In ruling it concluded:

“The court finds that the City is liable for disability discrimination based on adverse employment action. In May 2003, it maintained several permanent “light duty” assignments and filled the assignment with sworn officers whose disabilities prevented them from performing the otherwise essential functions of a sworn police officer. The City placed Plaintiff into one of these assignments. Although Plaintiff was able to perform the essential functions of this “light duty” assignment, Plaintiff’s supervisors decided to “send him home” after learning, from the City’s worker’s compensation administrator, that he was “100% disabled.” The City’s decision to send him home was an adverse employment action based on discriminatory criteria. At trial, the City failed to prove any legitimate nondiscriminatory basis for terminating his employment, and is therefore liable for discrimination.

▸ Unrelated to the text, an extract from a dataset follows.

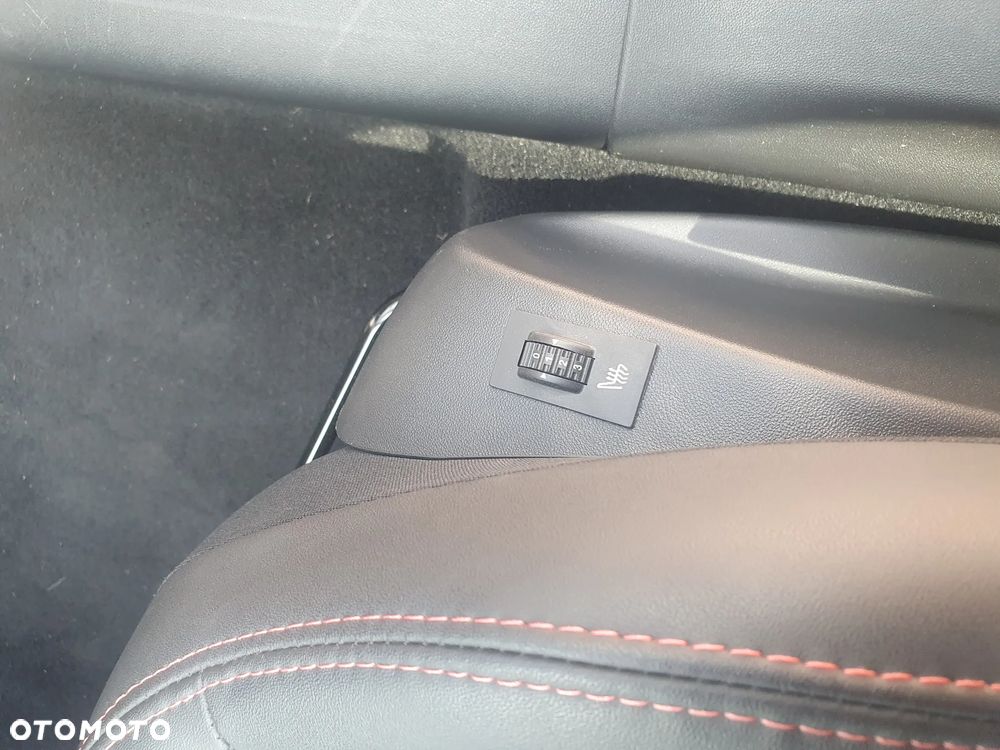 Peugeot 2008 PureTech 110 Stop&Start GT-Line Edition - 16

“The court also finds that the City is liable for failure to engage in an interactive process or to otherwise accommodate Plaintiff’s disability. After years of workers compensation litigation, the City had extensive knowledge about Plaintiff’s past disabilities. The City’s decision to bring him back to work notwithstanding its pre-existing knowledge of his disabilities was sufficient to shift the burden of proof and require the City to demonstrate that it engaged in meaningful dialogue with Plaintiff and made reasonable accommodations. Instead of engaging in a dialogue, the City summarily instructed him to leave the workplace and is therefore liable.”

Employer Lesson: Remember, The ADA and often FMLA run concurrently with Work Comp return to work issues. The failure reasonably to accommodate a disability the question is whether the employee can perform the essential functions of the position to which reassignment is sought, rather than the essential functions of the existing position.